Lo anterior es fruto de una imperdonable miopía tecnocrática, pues se soslayó el hecho de que el respeto a los derechos humanos no es una cuestión retórica ni una fachada propicia para el fútil lucimiento en foros del exterior, sino que se trata de un ingrediente sine qua non de la democracia, la gobernabilidad, la paz social y el crecimiento económico, tal y como está consignado en la Carta Democrática Interamericana de la OEA.

La lección es contundente a más no poder: la promoción y defensa de las prerrogativas jurídicas inherentes a las personas por el solo hecho de serlo tiene que figurar en el pináculo de la agenda política nacional, por encima incluso de los cambios de naturaleza económica o financiera.

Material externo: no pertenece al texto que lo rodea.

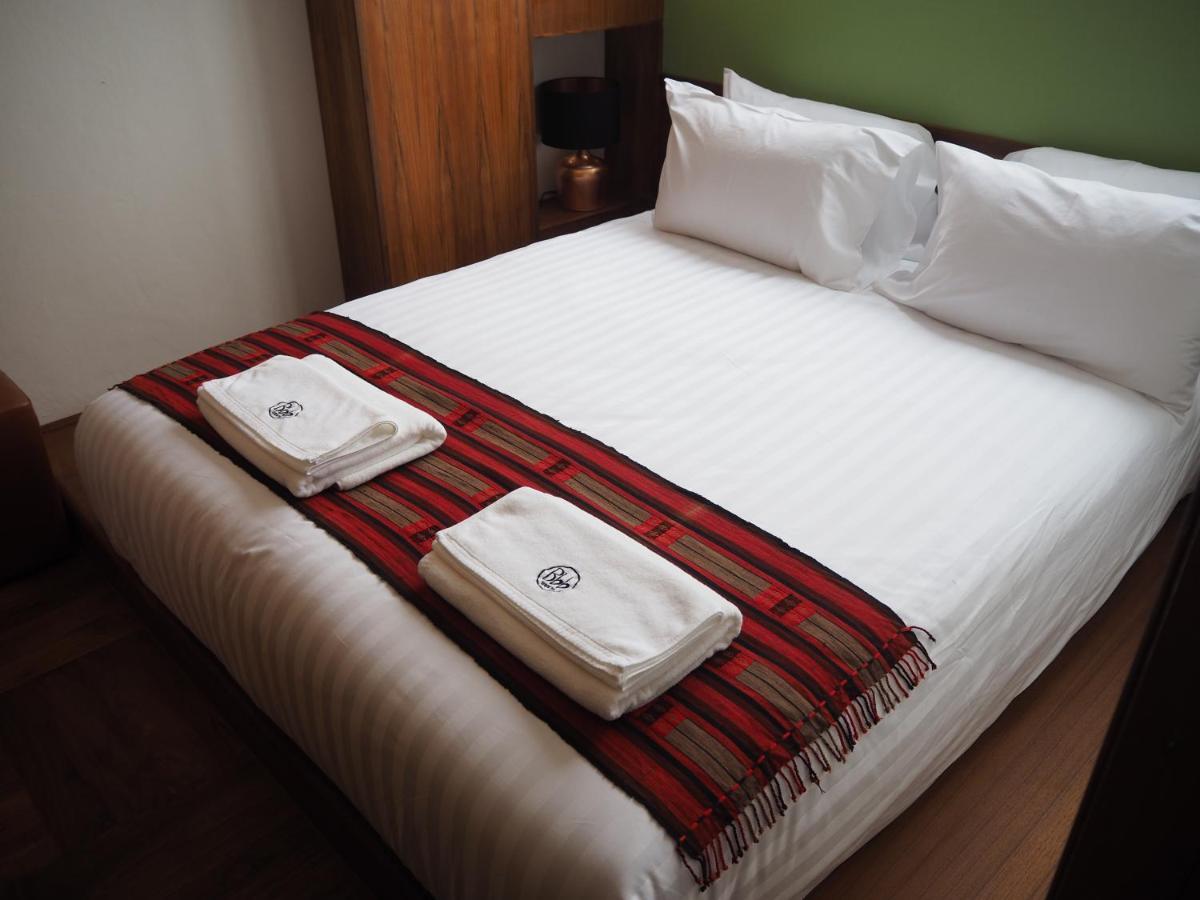 Apartamento Boonnark Bed Night Bazaar No Car Parking Chiang Mai Exterior foto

La preservación de los derechos humanos debe ser el centro de todas las políticas públicas.

Muchas cosas habría que hacer para que esto suceda. Una de ellas es el afrontamiento sin rodeos del escabroso asunto de los casi treinta mil desaparecidos que gravita sobre los hombros de la nación. No podemos seguir haciendo de cuenta que ese lastre es inexistente. La creación de una comisión de la verdad, similar a las operantes en su tiempo en Guatemala, El Salvador, Chile y Argentina, es la vía idónea para alcanzar este magno propósito.

A dicho órgano sui generis también podría asignársele el esclarecimiento de los hechos denunciados por el soldado Zacarías Osorio Cruz ante un tribunal canadiense, en el sentido de que en los años setenta dentro de las instalaciones militares de San Miguel de los Jagüeyes se llevaron a cabo fusilamientos masivos de opositores políticos.

México vive una grave crisis humanitaria ante la cual no cabe titubeo alguno. El autoengaño, la simulación o la inacción pueden conducirnos hacia el terreno de la descomposición social.